Theresa May’s promise to ‘rewrite the planning rule book’ has been welcomed by the Director of a West Kent housebuilding firm.

The Prime Minister recently pledged to change the National Planning Policy Framework to release more land for construction, to ease the housing crisis, as well as young people’s fears that owning a home is not a possibility.

John Griggs, Director of Regalpoint Homes, which is based in Sevenoaks, said new planning rules are needed to make the system fairer and more effective.

He also pledged to back any moves that could see ‘red tape’ and ‘barriers to building homes’ removed.

“More radical steps need to be taken to overhaul and speed up the planning process.

“The pre-planning phase can take years sometimes, with many conditions for us to meet.

“It may look like we’re doing nothing, but behind the scenes we are leaping over hurdle after hurdle, from Section 106 agreements to statutory consultations, and this is just stage one. There are four stages in total, each as lengthy as the last,” explained Mr Griggs.

Section 106 is a financial agreement a developer strikes with a council to ease the impact of a project and help with infrastructure.

“Housebuilders have been put in this situation by the government,” Mr Griggs continued.

“So instead of complaining about the delivery of new homes and laying blame at the door of housebuilders, they need to either rework the system or provide significant funding to tackle the lack of planning department resources.”
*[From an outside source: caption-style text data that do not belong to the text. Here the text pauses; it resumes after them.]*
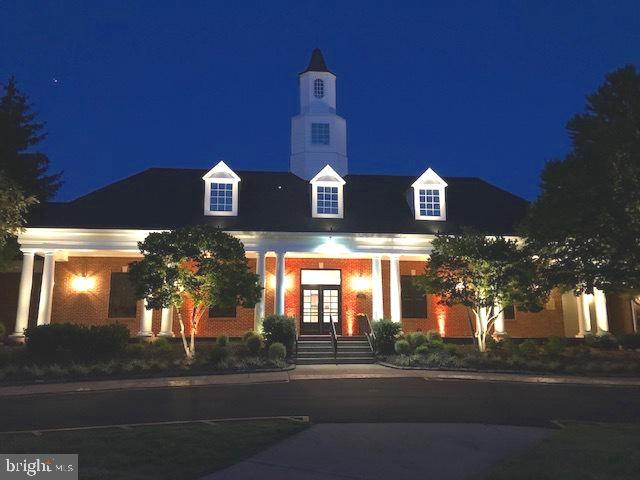 VIRGINIA OAKS - Residential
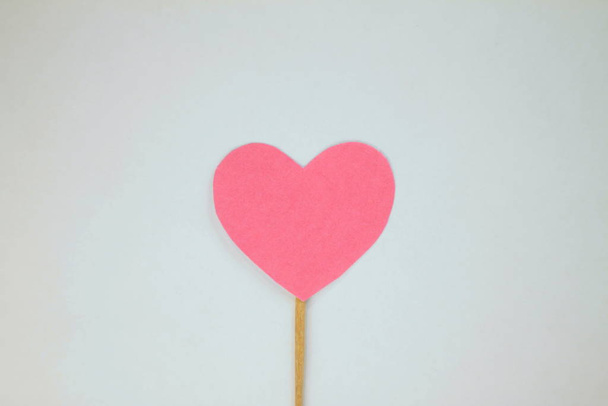 Pink heart on a stick on a white background. In the form of a candy. - Foto, Bild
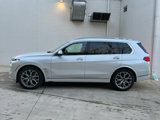 Used 2025 BMW X7 xDrive40i w/ Premium Package image 5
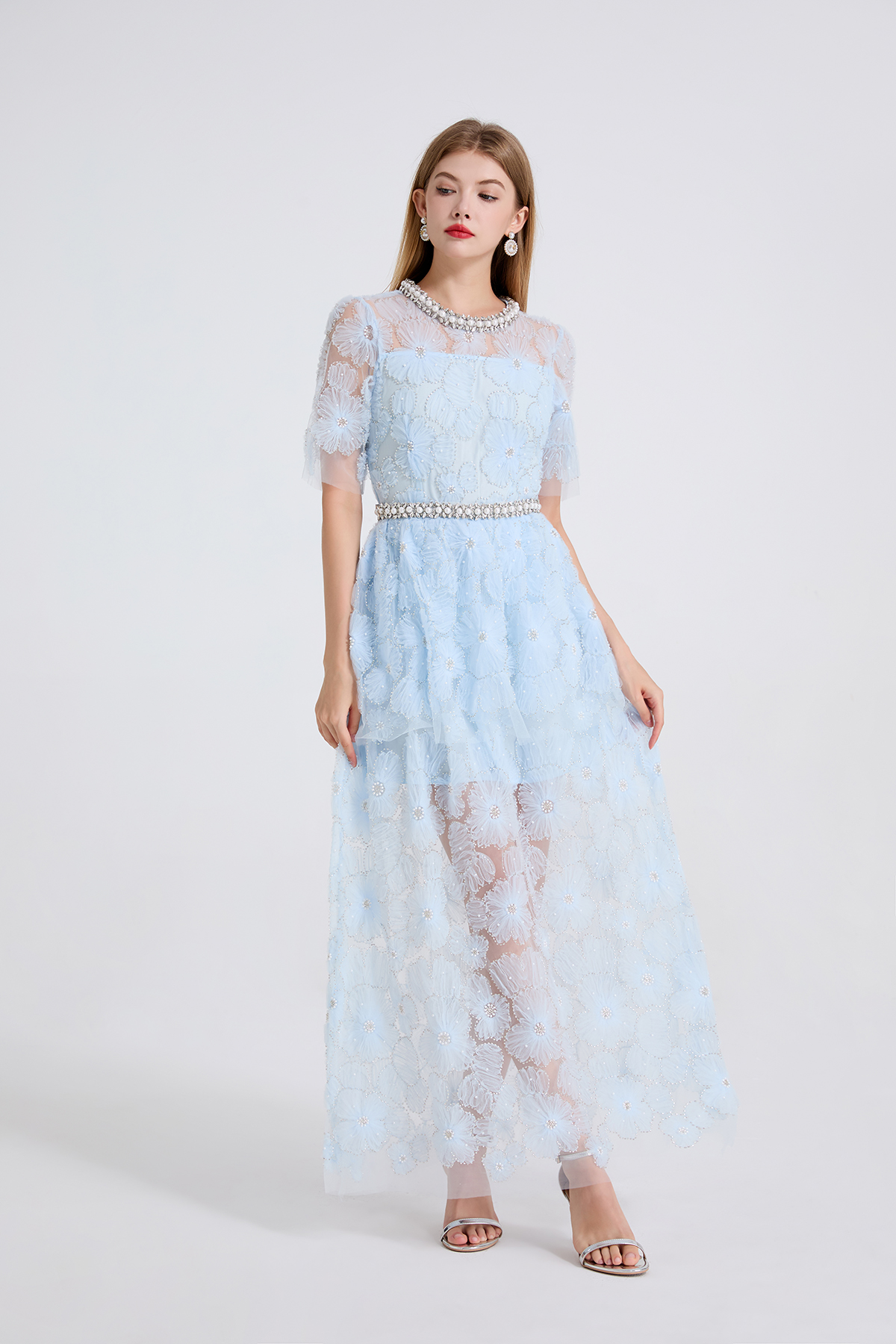 Pearl Stitched Evening Dress With High Waist And Long Silhouette - Image 3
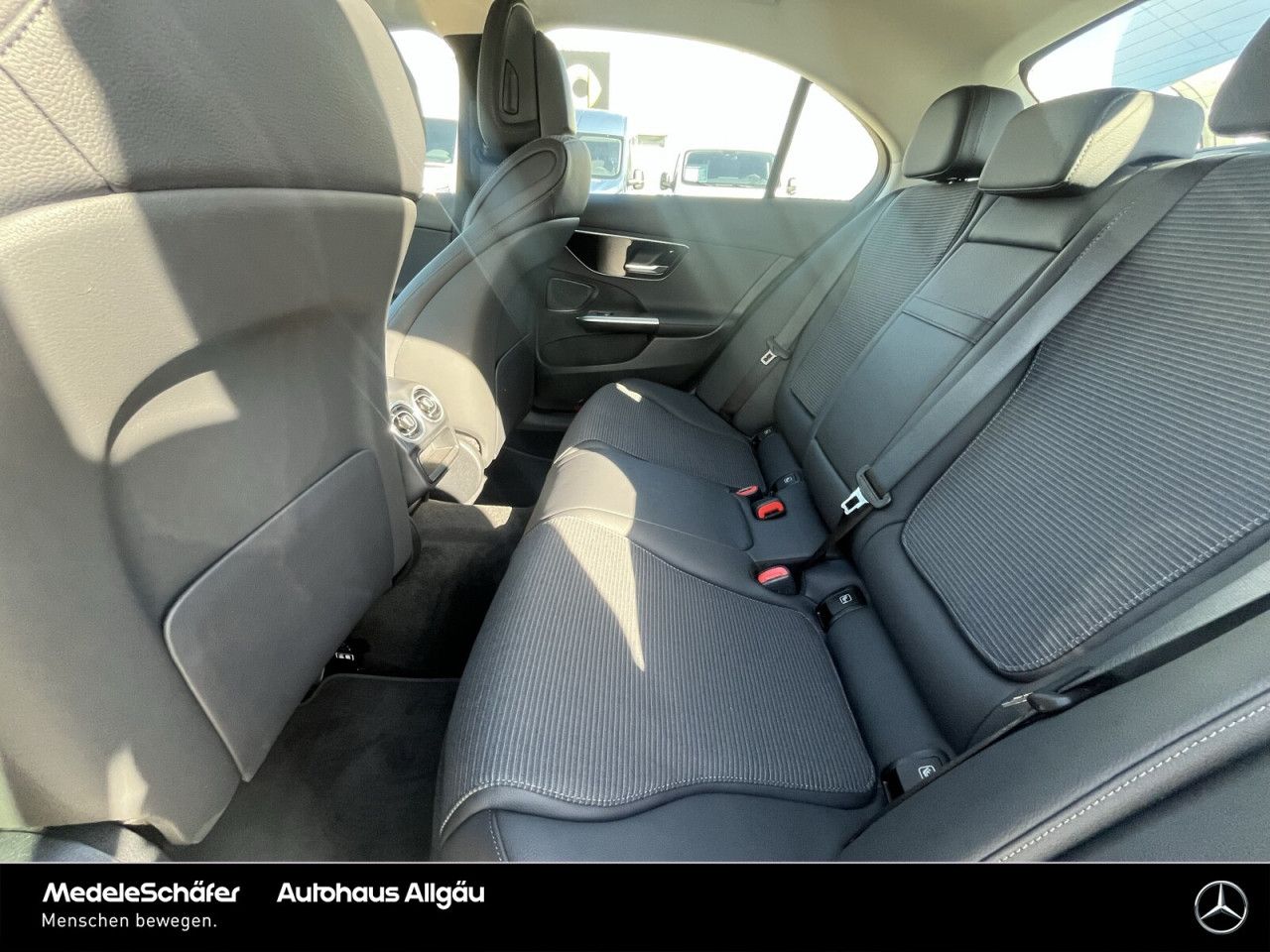 Mercedes-Benz C-Klasse – Bild 17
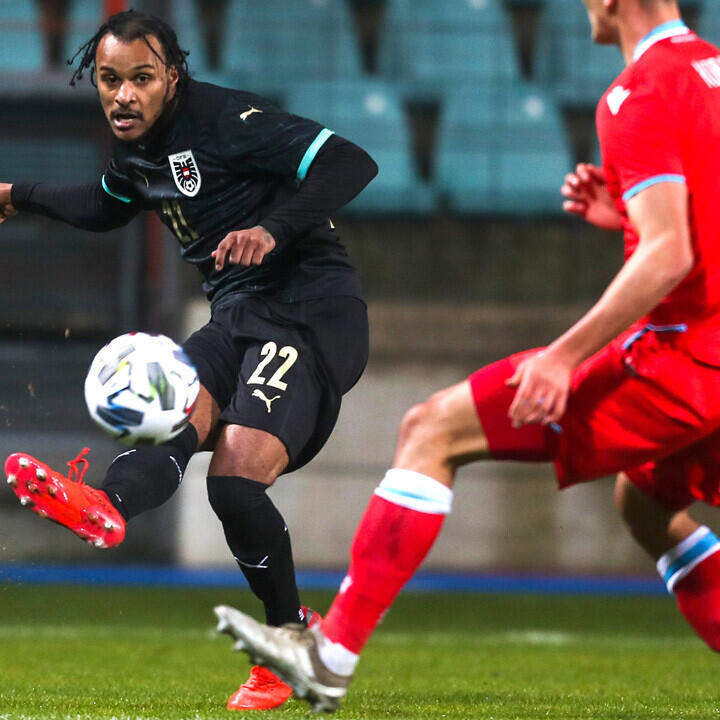 Valentino Lazaro schreibt Liebeslied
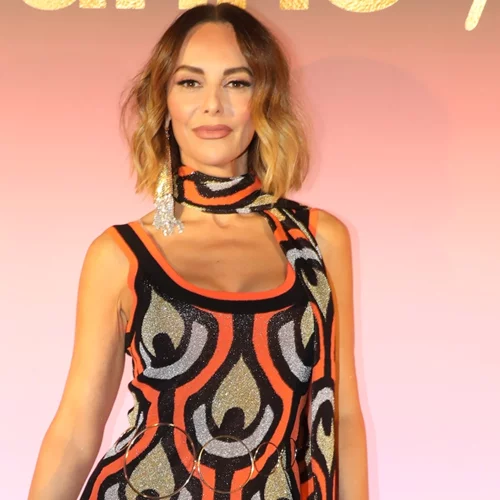 Το dress code είναι "κομψή με αθλητικό look" | Η Μπέττυ Μαγγίρα δείχνει πως θα το πετύχεις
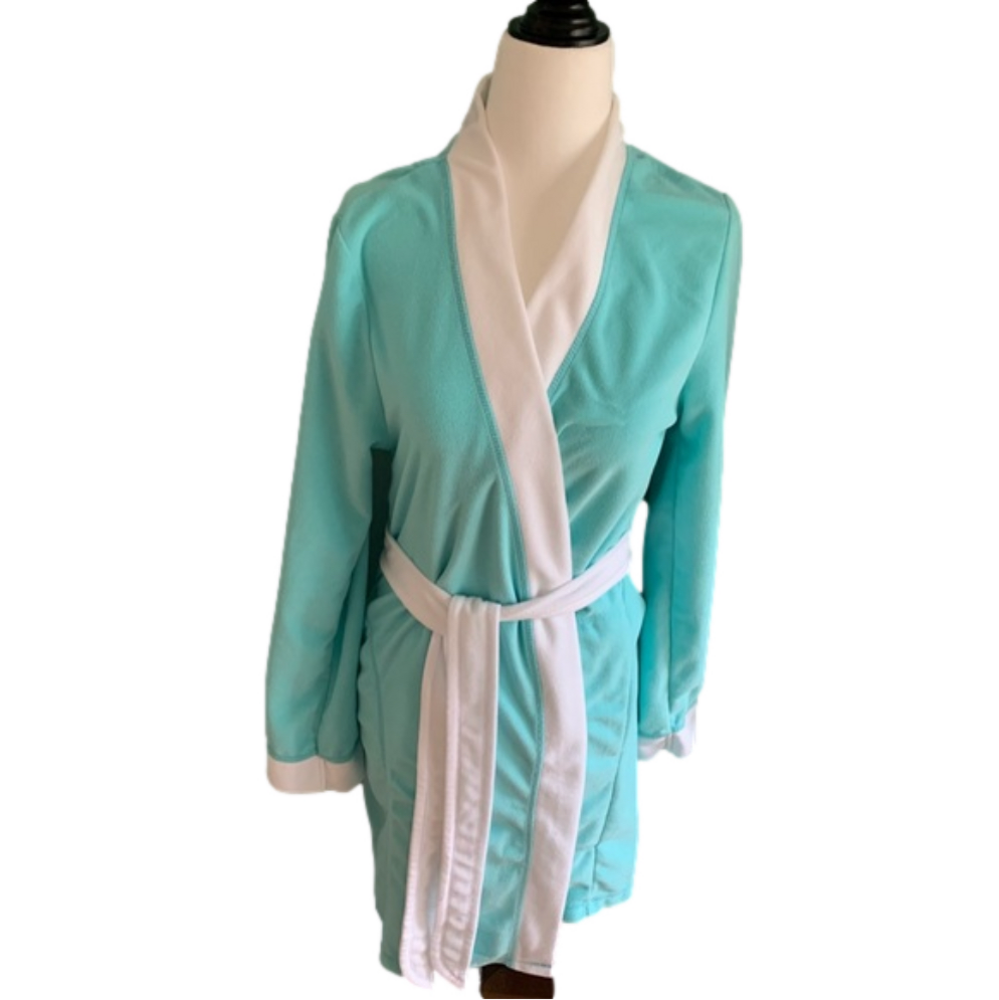 Dearforms tie robe.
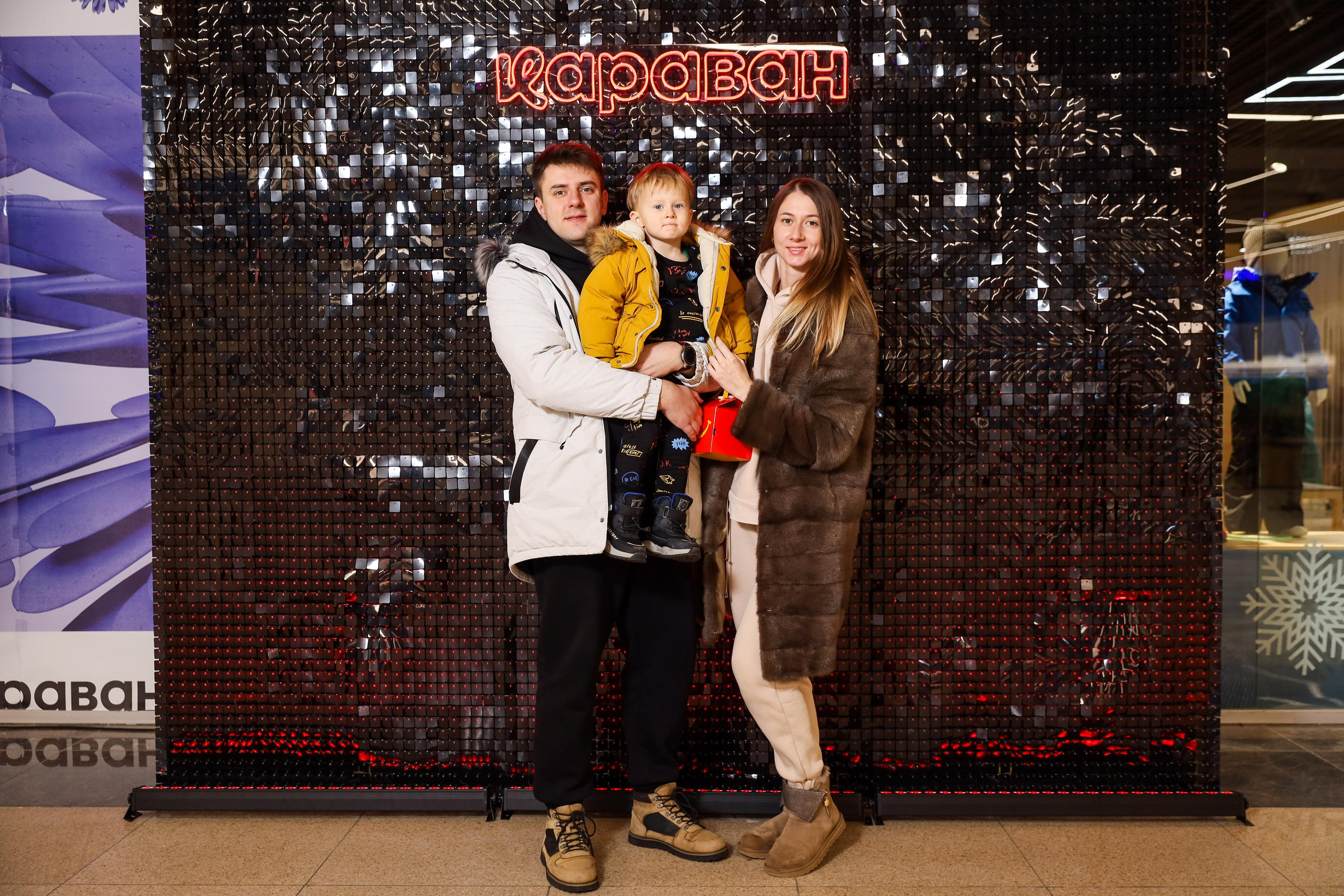 Фотомозаїка на 580 фото для ТРЦ Караван. Аренды интерактивных фотозон в Харькове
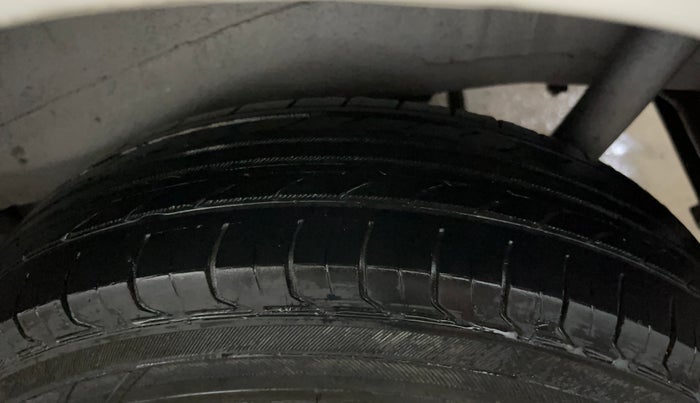2017 Maruti Wagon R 1.0 LXI, Petrol, Manual, 60,067 km, Left Rear Tyre Tread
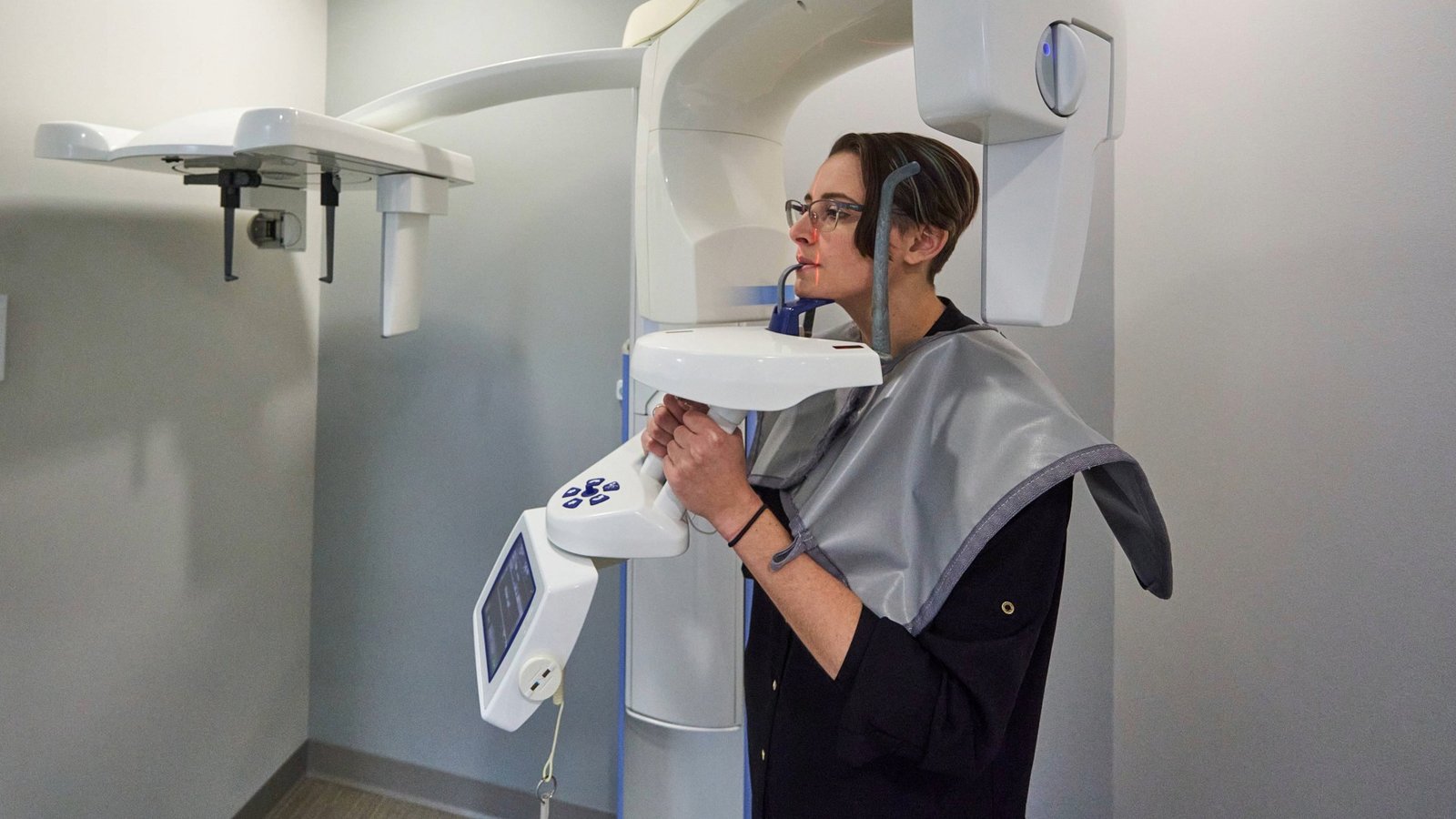 are lead aprons required for dental x rays 1
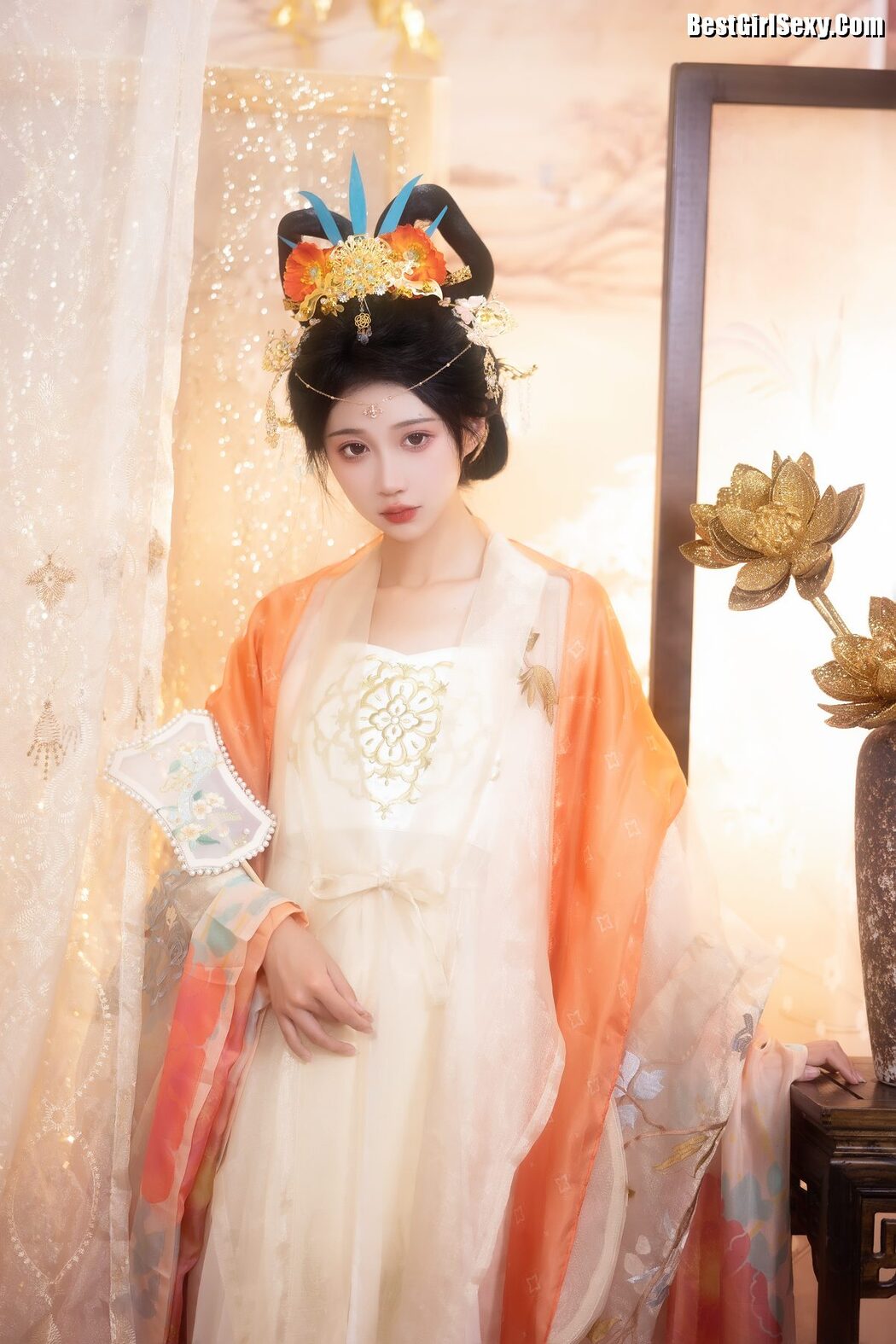 YiTuYu艺图语 Vol.4005 Qi Luo Sheng De Xiao Su Su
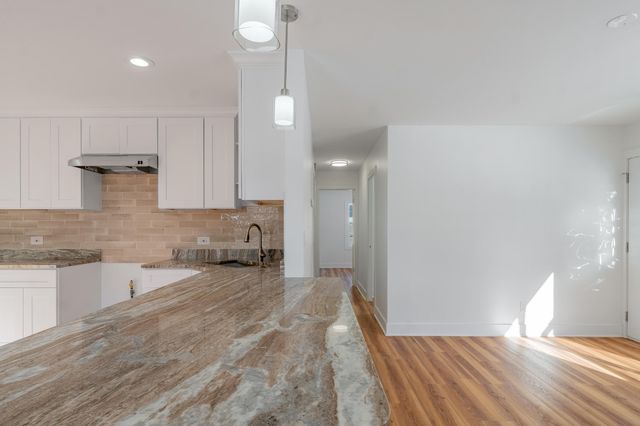 411 Prairie Street, Crown Point, IN 46307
Mrs May also used her speech to criticise the practice of landbanking.

This refers to developers buying land to build on, but waiting for it to increase in value before starting work.

Mr Griggs added: “This is a tactic sometimes used by larger builders who can afford to wait for their profits.

“But the government’s idea not to grant planning permission if a company has a history of not building on their land is a good way to alleviate this problem.

“Of course, a developer’s profitability is what keeps them afloat, and it is in the market’s interest for housebuilders to make wise and timely business decisions in order to maintain their delivery of new homes.

“But I agree that those who sit on land for long periods of time, never intending to build, are contributing to the problem.”